[Requirement]
Only the lines holding "Stock" are wanted; find them in the listing and return each one.

*****

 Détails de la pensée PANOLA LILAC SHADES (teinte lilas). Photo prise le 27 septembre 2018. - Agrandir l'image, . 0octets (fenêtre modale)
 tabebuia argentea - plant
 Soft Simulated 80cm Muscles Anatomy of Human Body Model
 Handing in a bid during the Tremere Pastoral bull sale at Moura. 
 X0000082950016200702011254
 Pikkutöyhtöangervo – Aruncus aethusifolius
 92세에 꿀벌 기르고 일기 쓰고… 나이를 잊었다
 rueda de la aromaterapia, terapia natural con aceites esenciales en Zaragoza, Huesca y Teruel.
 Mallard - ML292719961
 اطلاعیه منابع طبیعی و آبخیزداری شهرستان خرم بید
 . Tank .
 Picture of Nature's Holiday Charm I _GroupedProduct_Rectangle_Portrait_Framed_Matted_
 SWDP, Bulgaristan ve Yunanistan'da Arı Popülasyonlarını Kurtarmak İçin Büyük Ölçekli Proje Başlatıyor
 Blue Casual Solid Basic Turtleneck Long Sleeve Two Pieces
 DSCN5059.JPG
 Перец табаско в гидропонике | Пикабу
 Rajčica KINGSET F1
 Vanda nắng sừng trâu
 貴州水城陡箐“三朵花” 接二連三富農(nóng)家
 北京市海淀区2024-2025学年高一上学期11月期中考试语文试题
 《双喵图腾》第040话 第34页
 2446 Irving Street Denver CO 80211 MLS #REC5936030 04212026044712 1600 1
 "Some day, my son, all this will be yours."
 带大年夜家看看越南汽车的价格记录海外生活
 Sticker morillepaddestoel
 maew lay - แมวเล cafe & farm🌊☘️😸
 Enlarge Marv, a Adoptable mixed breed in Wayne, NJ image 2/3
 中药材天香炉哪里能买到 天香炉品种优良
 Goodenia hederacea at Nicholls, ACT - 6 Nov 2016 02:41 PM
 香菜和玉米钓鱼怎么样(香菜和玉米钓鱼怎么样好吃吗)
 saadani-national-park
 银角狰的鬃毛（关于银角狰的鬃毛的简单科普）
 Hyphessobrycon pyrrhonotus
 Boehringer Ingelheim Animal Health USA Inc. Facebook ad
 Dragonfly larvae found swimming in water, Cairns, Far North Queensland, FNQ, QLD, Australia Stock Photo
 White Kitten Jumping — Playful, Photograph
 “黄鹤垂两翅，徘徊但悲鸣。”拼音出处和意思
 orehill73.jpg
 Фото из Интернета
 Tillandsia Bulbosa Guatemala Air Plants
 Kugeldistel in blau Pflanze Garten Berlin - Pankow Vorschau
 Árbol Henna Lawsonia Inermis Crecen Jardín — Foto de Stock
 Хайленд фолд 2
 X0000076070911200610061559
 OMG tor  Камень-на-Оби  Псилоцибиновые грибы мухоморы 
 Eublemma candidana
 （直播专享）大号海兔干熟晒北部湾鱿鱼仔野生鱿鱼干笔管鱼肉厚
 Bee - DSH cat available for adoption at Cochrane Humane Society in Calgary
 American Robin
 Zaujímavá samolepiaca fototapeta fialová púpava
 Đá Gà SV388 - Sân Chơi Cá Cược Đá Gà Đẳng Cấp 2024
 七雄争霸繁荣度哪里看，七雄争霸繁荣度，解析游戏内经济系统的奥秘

*****

[Exercise result]
 Dragonfly larvae found swimming in water, Cairns, Far North Queensland, FNQ, QLD, Australia Stock Photo
 Árbol Henna Lawsonia Inermis Crecen Jardín — Foto de Stock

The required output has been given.